В моем Дорчестере люди живут потому, что приросли к этому месту, живут в силу привычки, живут, потому что сумели создать удобное, хоть и бедное, существование, в котором можно не бояться перемен. Тихая пристань.
В Дорчестере Дженны Анджелайн люди живут потому, что больше им деться некуда.

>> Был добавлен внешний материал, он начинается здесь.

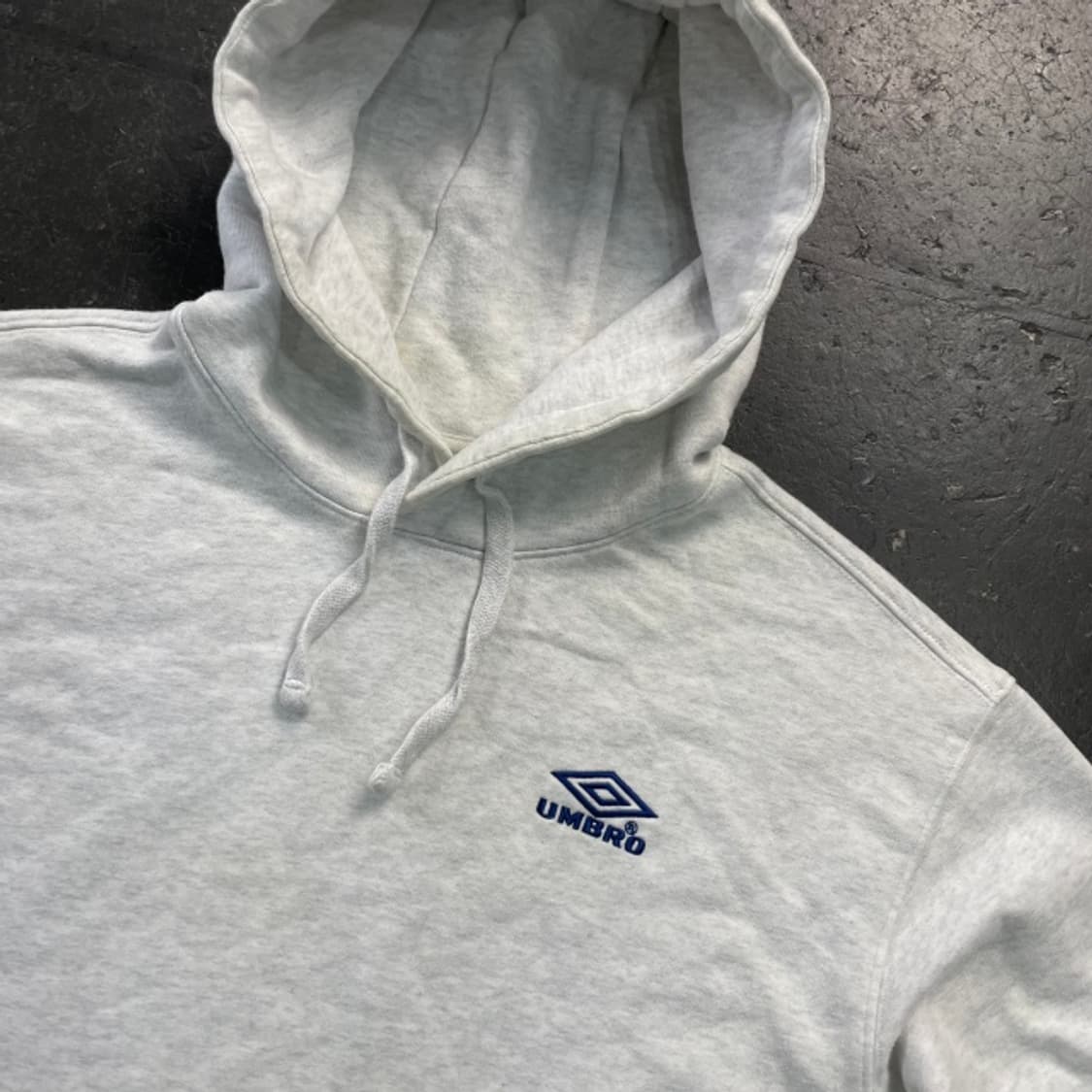 100 엄브로 후드티  상품이미지2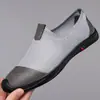 2026 Novo Estilo de Verão Masculino Malha Respirável Casual Couro Calçados Masculinos Buracos Vazados Sandálias Slip-On Calçados Masculinos 128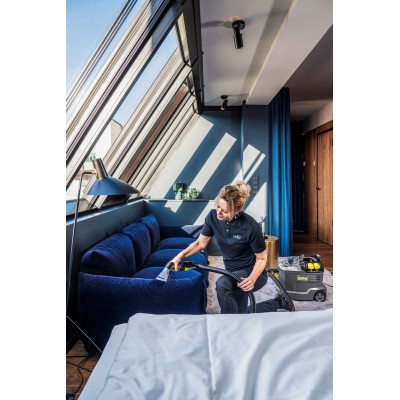 Пилосос професійний миючий Karcher Puzzi 8/1 Adv 1200Вт 270мБар контейнер 8/7л 8.6кг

Нигде так трудно не объяснить разницу между Дорчестером белым и Дорчестером черным, как в моем квартале, ибо мы живем на пограничной полосе. Стоит лишь пройти по Эдвард Эверетт‑сквер на север, на восток или на запад, как окажешься в Дорчестере черном. И потому здешние с трудом воспринимают что‑либо, кроме черного и белого. Парень, которого я знаю с детства, сформулировал все это с предельной ясностью. «Знаешь, Патрик, – сказал он, – хватит с меня этой бредятины. Я отсюда родом, я вырос в бедности, никогда ни от кого ничего не получал. Отец нас бросил, когда я был еще совсем сопляком, в точности как в большинстве негритянских семей здесь в Бэри. Но меня никто никогда не умолял учиться грамоте, или устроиться на работу, или добиться чего‑то в жизни. Никто никогда ничем мне не помог – ни делом, ни толковым советом. Однако же я не взял „узи“, не пошел в банду, а стал крутить баранку автобуса. Так что не надо. Черномазым нет оправдания».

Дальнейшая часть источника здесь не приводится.